Paul Thomas Anderson nunca errou! Se um dia ele errou, ele errou com consciência, acreditando ser seu erro um grande acerto. Desde que ele se apresentou no universo da Sétima Arte, com o seu Jogada de Risco (“Hard Eight”, 1997), Anderson coleciona 11 indicações ao Oscar, o mais recente é por Melhor Roteiro Original em Licorice Pizza, (2022)Agora, em Uma Batalha Após a Outra, o cineasta, mais uma vez chama a nossa atenção. Há postagens, e manifestações em sites de notícia e redes sociais de que o filme é o número 1 do ano e que será o preferido nas futuras premiações. O primeiro destaque que damos ao trabalho é para o excelente recurso da trilha sonora, ministrada pelo companheiro de trabalho, o músico Jonny Greenwood. 

A música fala, manifesta-se, grita, reclama e nos faz participar de seu universo que por vezes é confuso, enigmático, ambíguo e muito desumano as vezes. O primeiro ato do filme é um soco no estômago. A história nos deixa de olhos arregalados diante da tela tentando não perder nenhum detalhe até compreendermos o que está acontecendo. Perfídia é uma mulher totalmente maluca, mas consciente do que ela está determinada a fazer. Sua relação de puro ódio e vingança com Lockjaw é doentia. Achamos que a vida dele terminaria ali, mas o roteiro tinha planos para ele. E que planos. Apesar do longa se basear numa obra de ficção, suas provocações nunca se tornaram tão atuais como os dramas sociopolíticos que estamos vivendo no mundo hoje. 

O fato deste filme ser lançado exatamente agora, dentro de um contexto de guerras bélicas; conflitos políticos e de interesse político em determinados países; rixas religiosas que também incluem interesses políticos; ódio e desprezo aos migrantes; morte de crianças na Faixa de Gaza; a guerra da Ucrânia que é desprezada até pela mídia, mas que ainda está lá, presente no dia a dia daqueles cidadãos... O filme de Anderson chega como um grito de alerta e de socorro: até onde vamos? Quando iremos parar? Por que ainda insistimos naquilo que nos faz mal, nos mata? O que ganhamos com isso? O que o outro tem que é tão impuro para nós? Por que este ódio destilado à existência das outras pessoas? 


Um roteiro digno de seus personagens 

Algumas críticas e opiniões sobre o filme afirmam que em determinado momento o roteiro que Anderson adaptou parece se esquecer do personagem de DiCaprio em determinada hora do filme. Não acreditamos que houve isso de fato. Como afirmamos, se alguma vez na vida, Anderson errou, ele errou de propósito, revelando que o erro faz parte da narrativa. O que acontece com Bob a certa altura é o reflexo do que acontece com todo aquele que passa a maior parte da sua vida lutando e uma hora, quando acha que está tudo bem e que não precisa mais se preocupar, ele relaxa.

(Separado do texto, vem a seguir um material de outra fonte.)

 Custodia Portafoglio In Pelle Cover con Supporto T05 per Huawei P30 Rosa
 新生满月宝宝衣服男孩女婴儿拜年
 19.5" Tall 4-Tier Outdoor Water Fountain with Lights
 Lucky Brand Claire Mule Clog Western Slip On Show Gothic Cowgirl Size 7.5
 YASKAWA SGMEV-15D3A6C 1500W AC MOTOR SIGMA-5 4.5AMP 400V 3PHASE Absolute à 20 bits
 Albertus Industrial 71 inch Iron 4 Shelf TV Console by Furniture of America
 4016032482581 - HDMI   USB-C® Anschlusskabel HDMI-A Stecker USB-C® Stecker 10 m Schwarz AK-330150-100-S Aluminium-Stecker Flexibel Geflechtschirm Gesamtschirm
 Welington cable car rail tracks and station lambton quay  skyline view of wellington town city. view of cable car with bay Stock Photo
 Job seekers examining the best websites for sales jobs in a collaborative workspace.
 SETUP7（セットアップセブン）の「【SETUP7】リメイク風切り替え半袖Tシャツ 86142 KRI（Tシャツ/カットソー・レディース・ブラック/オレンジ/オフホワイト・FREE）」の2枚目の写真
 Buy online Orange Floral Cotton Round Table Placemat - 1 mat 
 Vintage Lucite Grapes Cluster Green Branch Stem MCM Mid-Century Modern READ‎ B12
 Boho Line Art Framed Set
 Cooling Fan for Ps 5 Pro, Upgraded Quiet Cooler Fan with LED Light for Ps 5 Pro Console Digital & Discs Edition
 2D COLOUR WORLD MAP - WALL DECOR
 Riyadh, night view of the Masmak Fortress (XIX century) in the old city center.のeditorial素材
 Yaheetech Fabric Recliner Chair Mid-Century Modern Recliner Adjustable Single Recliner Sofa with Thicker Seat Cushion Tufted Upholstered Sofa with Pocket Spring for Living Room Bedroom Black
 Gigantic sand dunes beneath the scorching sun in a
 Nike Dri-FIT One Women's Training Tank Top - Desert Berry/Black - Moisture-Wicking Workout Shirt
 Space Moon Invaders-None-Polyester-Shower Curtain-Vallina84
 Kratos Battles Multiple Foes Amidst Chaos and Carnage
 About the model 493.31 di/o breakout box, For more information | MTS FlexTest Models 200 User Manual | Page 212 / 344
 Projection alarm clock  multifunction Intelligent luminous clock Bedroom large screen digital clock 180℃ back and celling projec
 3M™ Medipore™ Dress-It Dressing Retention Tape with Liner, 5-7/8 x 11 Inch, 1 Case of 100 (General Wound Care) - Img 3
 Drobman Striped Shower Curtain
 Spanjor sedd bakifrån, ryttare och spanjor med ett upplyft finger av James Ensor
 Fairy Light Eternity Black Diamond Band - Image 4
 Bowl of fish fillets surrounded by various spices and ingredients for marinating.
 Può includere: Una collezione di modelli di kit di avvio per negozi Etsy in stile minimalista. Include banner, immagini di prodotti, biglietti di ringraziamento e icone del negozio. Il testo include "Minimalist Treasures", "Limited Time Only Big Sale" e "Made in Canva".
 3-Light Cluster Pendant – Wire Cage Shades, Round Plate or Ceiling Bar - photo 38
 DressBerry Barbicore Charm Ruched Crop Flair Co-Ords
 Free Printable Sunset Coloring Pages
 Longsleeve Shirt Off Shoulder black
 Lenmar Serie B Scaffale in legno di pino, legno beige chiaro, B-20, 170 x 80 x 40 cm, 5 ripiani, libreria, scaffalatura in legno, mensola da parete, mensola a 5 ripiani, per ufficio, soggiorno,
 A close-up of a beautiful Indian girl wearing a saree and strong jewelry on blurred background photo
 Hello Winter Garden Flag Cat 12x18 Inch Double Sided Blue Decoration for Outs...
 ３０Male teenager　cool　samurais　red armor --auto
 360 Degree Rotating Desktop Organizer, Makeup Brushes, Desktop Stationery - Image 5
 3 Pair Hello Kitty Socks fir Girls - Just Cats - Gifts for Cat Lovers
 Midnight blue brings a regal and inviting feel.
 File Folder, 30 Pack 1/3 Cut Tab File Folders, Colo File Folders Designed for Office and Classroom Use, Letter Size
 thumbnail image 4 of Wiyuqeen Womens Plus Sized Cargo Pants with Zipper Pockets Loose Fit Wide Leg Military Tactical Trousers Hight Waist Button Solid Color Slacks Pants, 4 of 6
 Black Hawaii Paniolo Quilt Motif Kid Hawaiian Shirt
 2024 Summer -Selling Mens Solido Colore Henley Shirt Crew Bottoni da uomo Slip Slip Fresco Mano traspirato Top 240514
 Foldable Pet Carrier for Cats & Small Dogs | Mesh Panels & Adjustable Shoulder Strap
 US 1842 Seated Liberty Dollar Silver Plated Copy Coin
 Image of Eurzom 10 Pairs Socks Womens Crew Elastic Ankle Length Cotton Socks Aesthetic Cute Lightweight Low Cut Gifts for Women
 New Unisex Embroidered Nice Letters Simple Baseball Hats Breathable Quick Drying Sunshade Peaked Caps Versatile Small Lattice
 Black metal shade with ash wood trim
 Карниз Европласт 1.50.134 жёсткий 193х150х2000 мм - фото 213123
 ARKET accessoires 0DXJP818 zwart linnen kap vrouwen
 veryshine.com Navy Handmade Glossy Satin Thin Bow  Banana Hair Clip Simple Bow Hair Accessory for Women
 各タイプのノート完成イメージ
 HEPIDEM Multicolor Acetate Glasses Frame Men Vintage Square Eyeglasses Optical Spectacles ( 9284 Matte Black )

Permite se esquecer daquelas dores, lutas, batalhas, guerras, perigos, para se dedicar um pouquinho à sua existência, vida, e, no caso de Bob, à família. 

Aqui entra a filha Willa que é magnífica pela atuação de Infiniti. A jovem atriz já tem em seu currículo grandes nomes de Hollywood e não deixa por menos em seu trabalho. O bacana do roteiro de Anderson é que ele não faz da filha simplesmente um objeto de resgate para conduzir a narrativa e nem um elemento central de vingança. Willa é a força do ato final e nos conduz a uma descoberta de saberes, poder e de resistência. Todo o filme é sobre resistência, não só política, mas resistir até mesmo contra aquelas forças internas que a impedem de caminhar, erguer, progredir e a amar a si mesma. Magistralmente o filme termina com a cena vingativa e traiçoeira de Lockjaw entregando-se a um regime que insiste em não mudar. “Corte uma cabeça e outras duas nascerão no lugar”.